See also: Negative numbers • Probability • Normal distribution • The fundamental theorem of algebra • Laplace’s demon • The Poisson distribution
IN CONTEXT
KEY FIGURE
Bertrand Russell (1872–1970)
FIELD
Logic
BEFORE
c. 300 BCE Euclid’s Elements contains an axiomatic approach to geometry.
1820s French mathematician Augustin Cauchy clarifies the rules for calculus, inaugurating a new rigor in mathematics.
AFTER
1936 Alan Turing studies the computability of mathematical functions, with a view to analyzing which problems in mathematics can be decided and which cannot.
1975 American logician Harvey Friedman develops the “reverse mathematics” program, which starts with theorems and works backward to axioms.

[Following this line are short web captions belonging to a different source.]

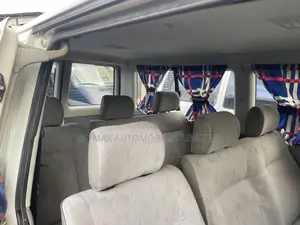 Volkswagen Transporter 2005 White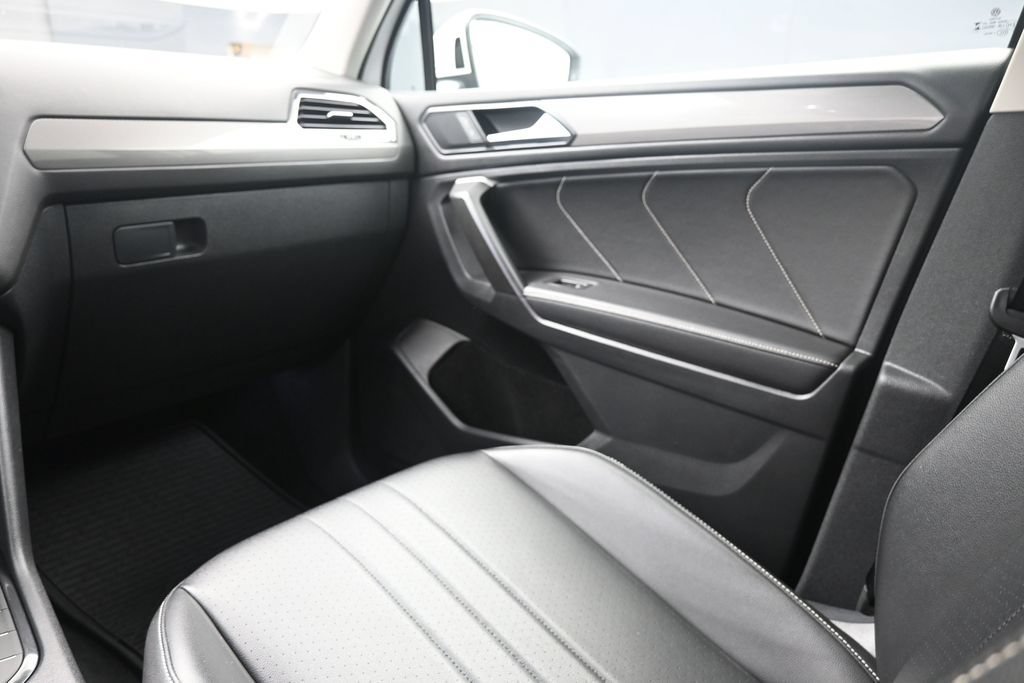 Used 2024 Volkswagen Tiguan SE FWD image 24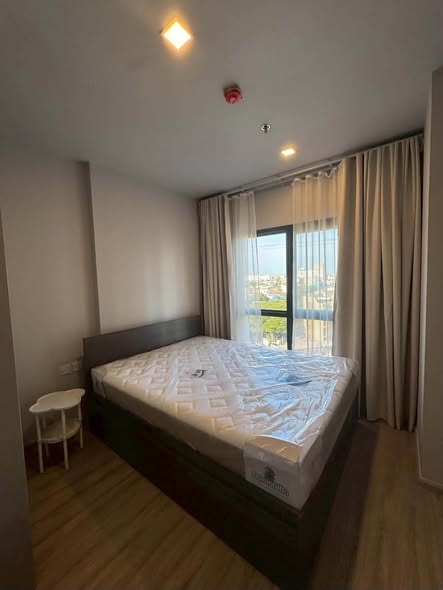 bedroom of Metris Lat Phrao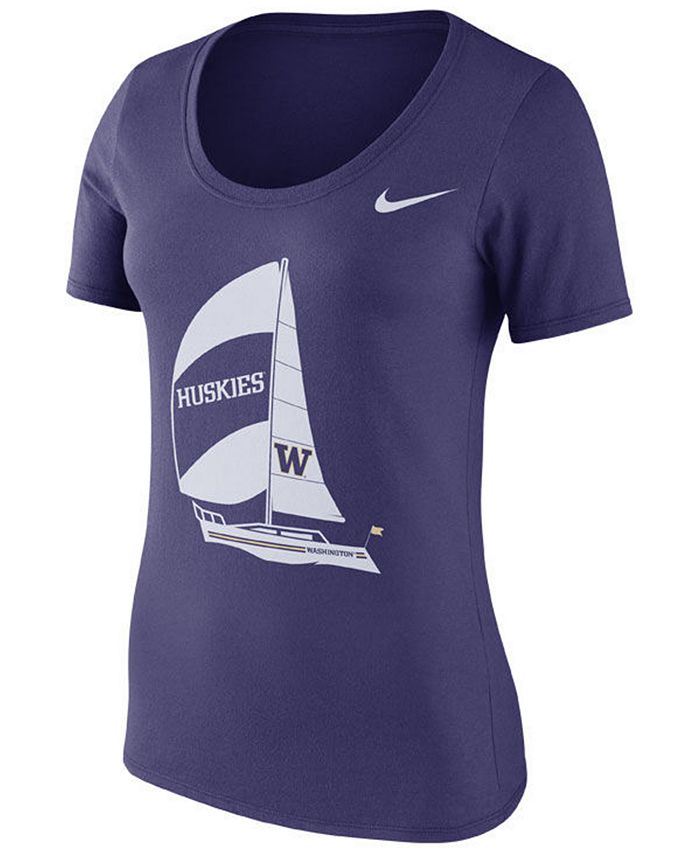 Nike - Women's Scoop Local T-Shirt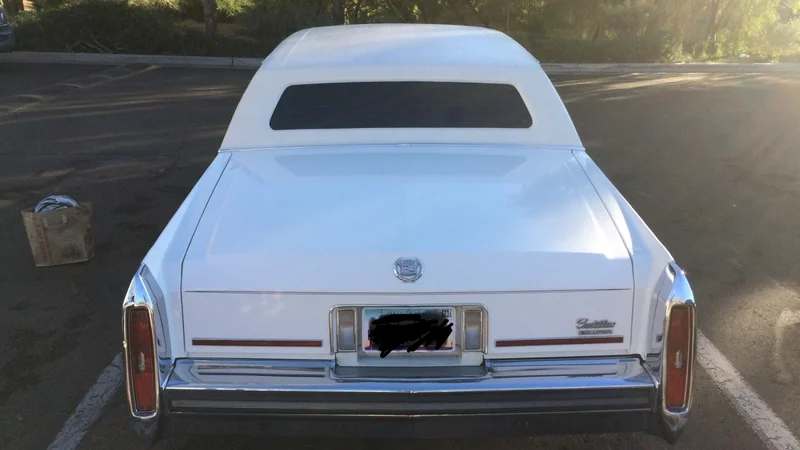 1989 Cadillac Brougham 9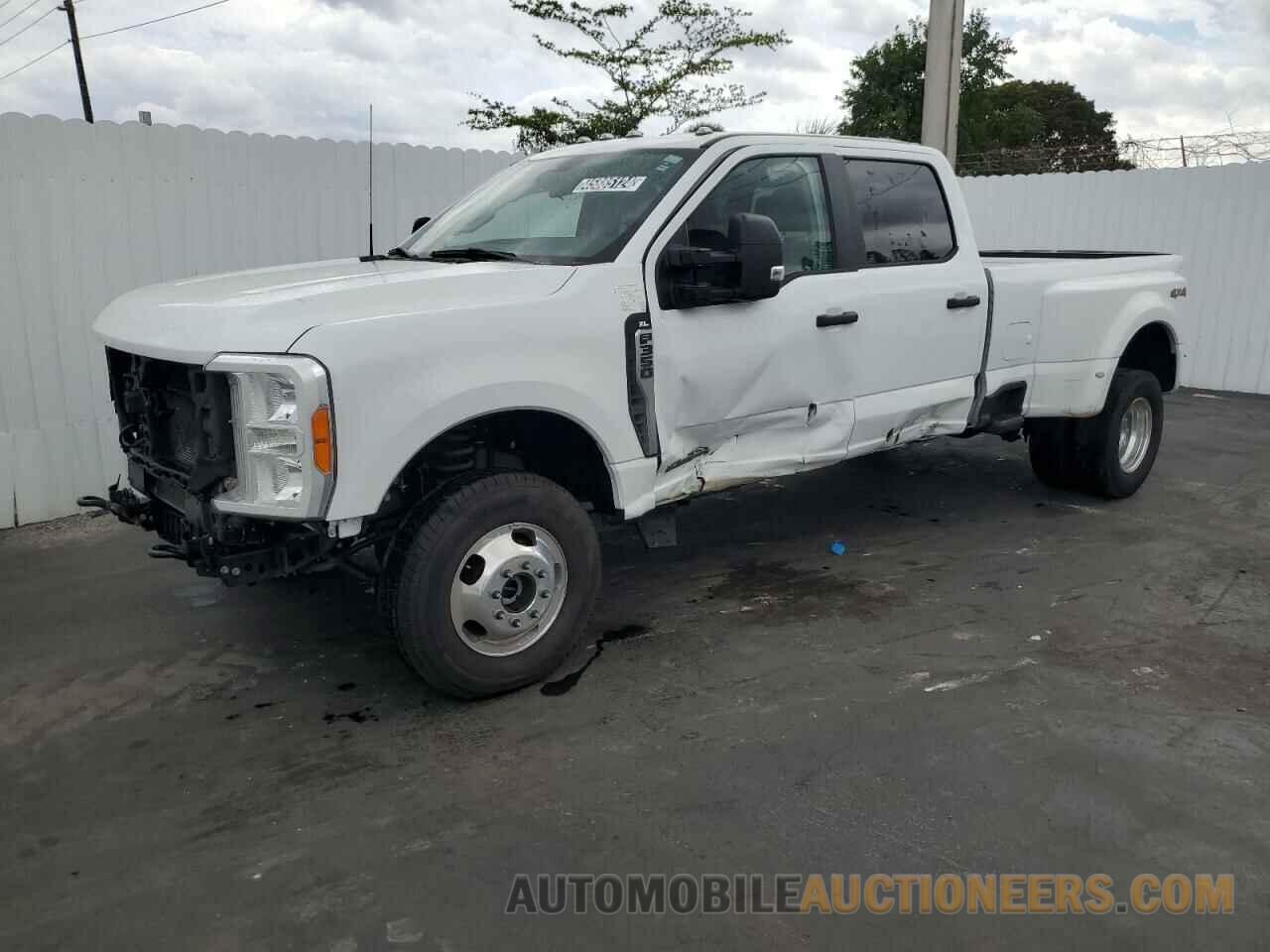 1FT8W3DT4PEC16101 FORD F350 2023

The common perception that mathematics is logical, with fixed rules, evolved over millennia, dating back to ancient Greece with the works of Plato, Aristotle, and Euclid. A rigorous definition of the laws of arithmetic and geometry had emerged by the 1800s, with the work of George Boole, Gottlob Frege, Georg Cantor, Giuseppe Peano, and, in 1899, David Hilbert’s Foundations of Geometry. However, in 1903, Bertrand Russell published The Principles of Mathematics, which revealed a flaw in the logic of one area of mathematics. In the book, he explored a paradox, known as Russell’s paradox (or the Russell–Zermelo paradox, after German mathematician Ernst Zermelo, who made a similar discovery in 1899).
The paradox implied that set theory, which deals with the properties of sets of numbers or functions, and was fast becoming the bedrock of mathematics, contained a contradiction. To explain the problem, Russell used an analogy known as the barber paradox in which a barber shaves every man in town aside from those who shave themselves, creating two sets of people: those who shave themselves and those shaved by the barber. However, this begs the question: if the barber shaves himself, to which of the two sets does the barber belong?
Russell’s barber paradox contradicted Frege’s Basic Laws of Arithmetic concerning the logic of mathematics, which Russell had pointed out in a letter to Frege in 1902. Frege declared that he was “thunderstruck,” and he never found an adequate solution to the paradox.
A theory of types
Russell went on to produce his own response to his paradox, developing a “theory of types,” which placed restrictions on the established model of set theory (known as “naive set theory”) by creating a hierarchy so that “the set of all sets” would be treated differently from its constituent smaller sets. In so doing, Russell managed to circumvent the paradox completely. He utilized this new set of logical principles in the momentous Principia Mathematica, written with Alfred North Whitehead and published in three volumes from 1910 to 1913.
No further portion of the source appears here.